Abbandonata la strada e fatti pochi passi per erbosa pendice, due ore e mezzo dopo la partenza da Torriglia, eccoci sulla vetta tanto celebrata dell’Antola, che i più dei genovesi considerano come le colonne d’Ercole del loro alpinismo ma molto a torto; perché il bello della giogaia non comincia che dopo quella cima, alla quale, benché essa vada altera di vista incomparabile stupenda, si giunge senz’incontrare nel proprio cammino, quelle verdi, dolci e, da viali di faggi maestosi, vagamente intersecate pendici, che dopo la vetta d’Antola abbellano la giogaia.

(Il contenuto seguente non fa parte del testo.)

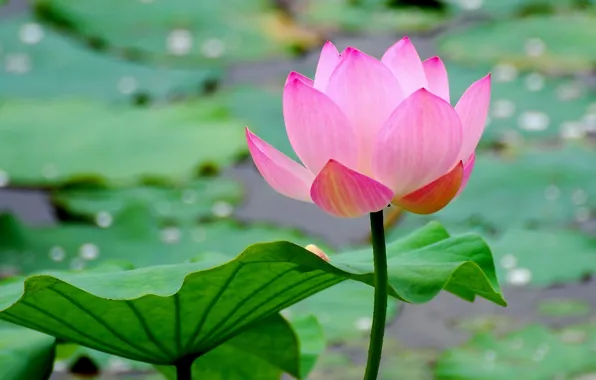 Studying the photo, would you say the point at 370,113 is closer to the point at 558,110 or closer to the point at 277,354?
the point at 277,354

Soffermiamoci un istante a contemplare quel panorama, che ha pochi pari, e mi sia lecito qui ripetere le parole con cui un’altra volta lo compendiai in breve. Dai tiepidi e ridenti colli della nostra riviera, che tutta fino al Capo Mele si scorge coi suoi golfi, coi cento popolosi villaggi, alle nevi eterni delle Alpi, dalle Alpi marittime all’aguzza punta del Viso e dai ghiacciai di Rocciamelone; da questi a quelli del Cervino, del Rosa e delle Alpi centrali, dalle pianure di Novi, Alessandria e Torino, a quelle di Lombardia ed Emilia, insanguinate in cento memorabili battaglie; dalle selvose alture dell’Apennino Ligure e Parmense a quello della Garfagnana, delle quali talvolta scorgi non pure le creste orrendamente smerlate ma fino la bianchezza delle marmoree rocce; dalle mura e dai forti di Genova, per il mar di levante, fino alle isole dell’Arcipelago Toscano ed alla Corsica; è, in una parola, la vista di quasi mezza Italia, il premio di chi guadagna quell’eccelsa punta in una giornata serena.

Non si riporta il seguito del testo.